= Work task =
Everything from the line with "Imagen 8 de" to the end of the entries should be set down exactly, except the pictures.

= Given records =
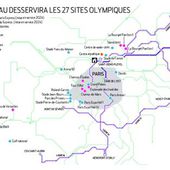 Le coût du Grand Paris Express dérape à grande vitesse à 35 milliards d'euros - Ferroviaire
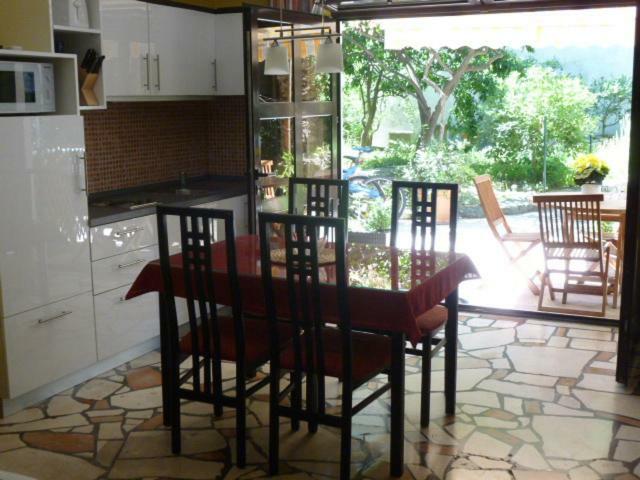 Apartment Haus Sonja Podgora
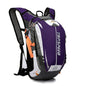 20L–35L Lightweight Hiking Backpack – Unisex Outdoor Daypack for Camping & Travel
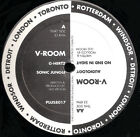 V-Room - V-Room, 12", (Vinyl)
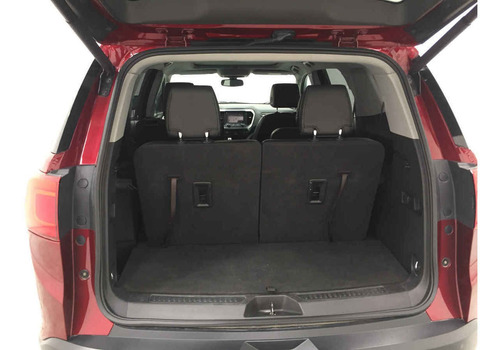 Imagen 8 de 15 de Gmc Acadia 2018 5p Slt1 V6/3.6 Aut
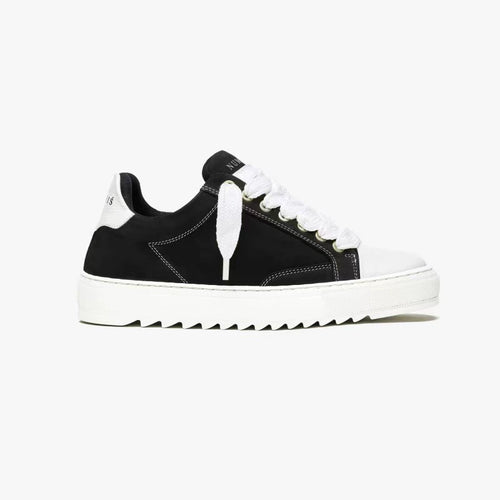 Lune London | Fashionable Orthopedic Women's Training Shoes with Platform Sole
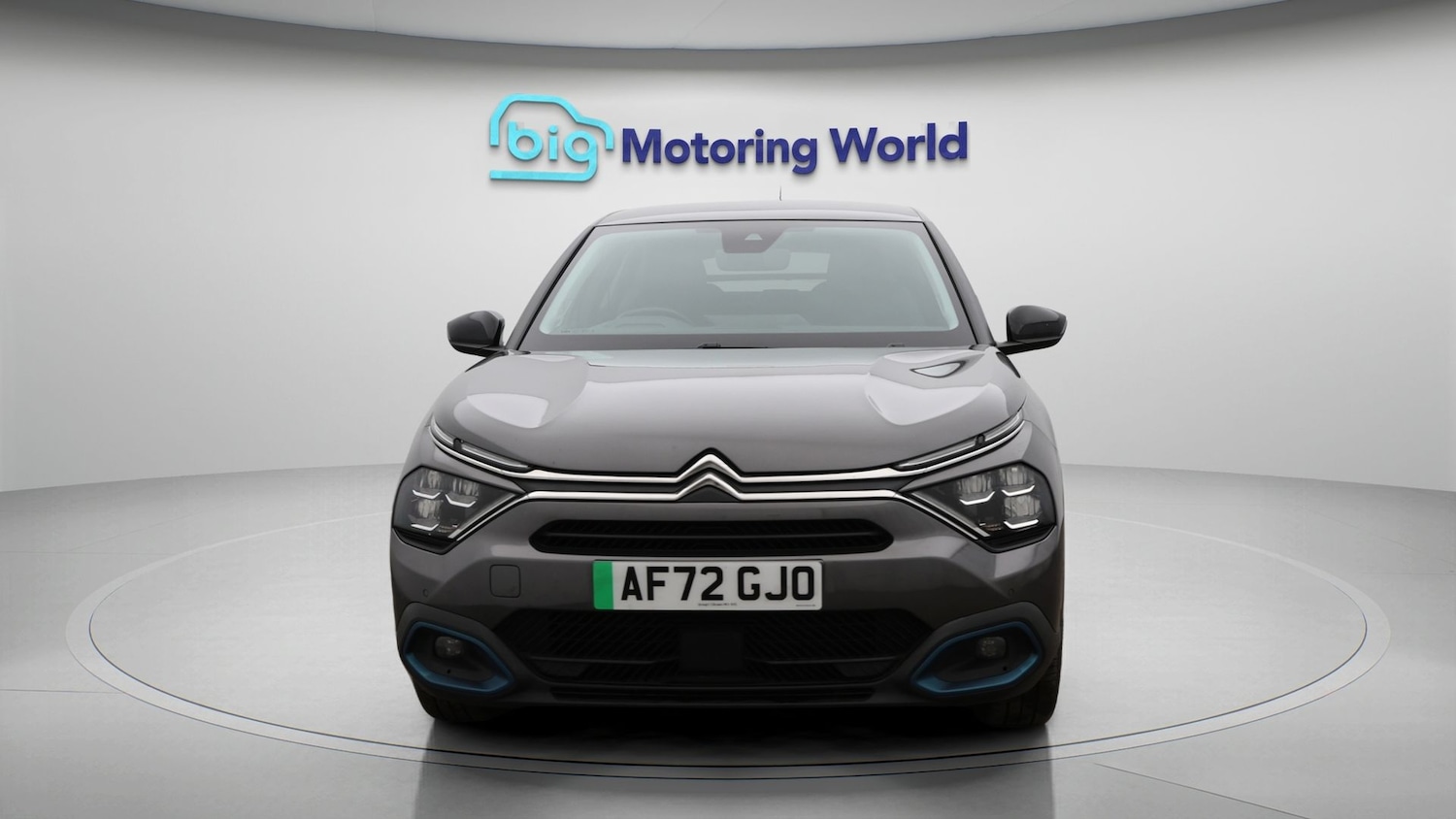 Used Citroen C4 2022 for sale - 77233228: Photo 2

= Answer box =
 Imagen 8 de 15 de Gmc Acadia 2018 5p Slt1 V6/3.6 Aut
 Lune London | Fashionable Orthopedic Women's Training Shoes with Platform Sole
 Used Citroen C4 2022 for sale - 77233228: Photo 2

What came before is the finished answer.